-- Dataset excerpt follows --

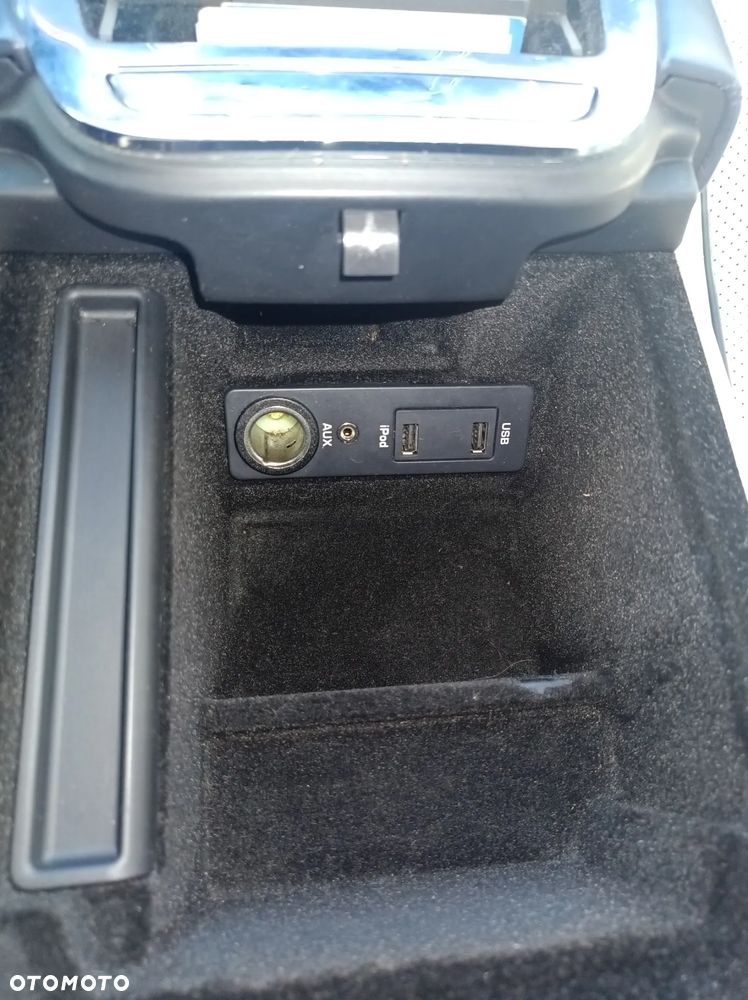 Jaguar XJ 5.0 V8 Premium Luxury - 25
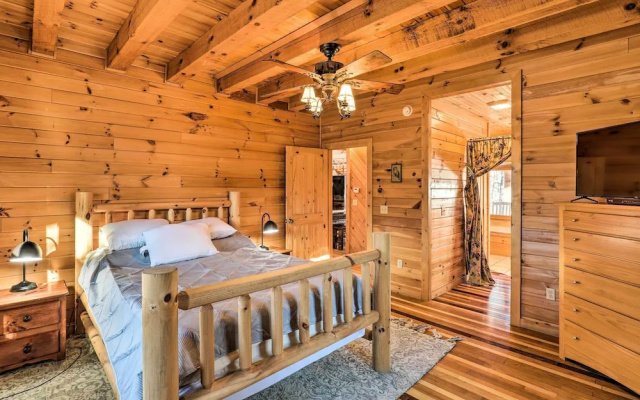 photo 2 of Bryson City Cabin w/ Private Hot Tub & Game Room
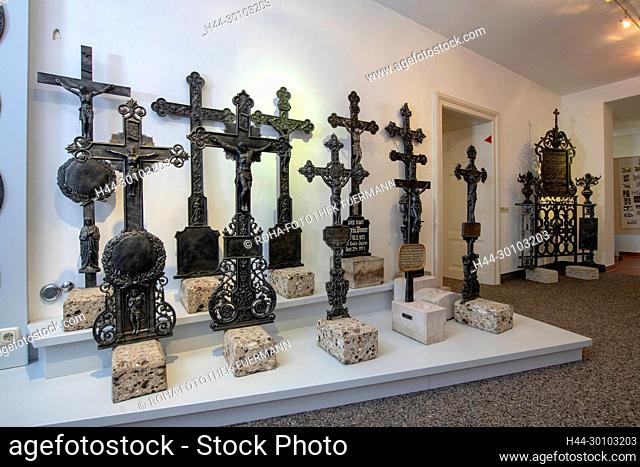 Grabkreuze aus Guss im Bergbaumuseum Achthal in der Gemeinde Teisendorf, Bayern, Deutschland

-- Dataset excerpt concluded --

Instructions to follow:
None of the pictures should appear, though every line of the data above must be reproduced exactly.

Result of the task:
 Jaguar XJ 5.0 V8 Premium Luxury - 25
 photo 2 of Bryson City Cabin w/ Private Hot Tub & Game Room
 Grabkreuze aus Guss im Bergbaumuseum Achthal in der Gemeinde Teisendorf, Bayern, Deutschland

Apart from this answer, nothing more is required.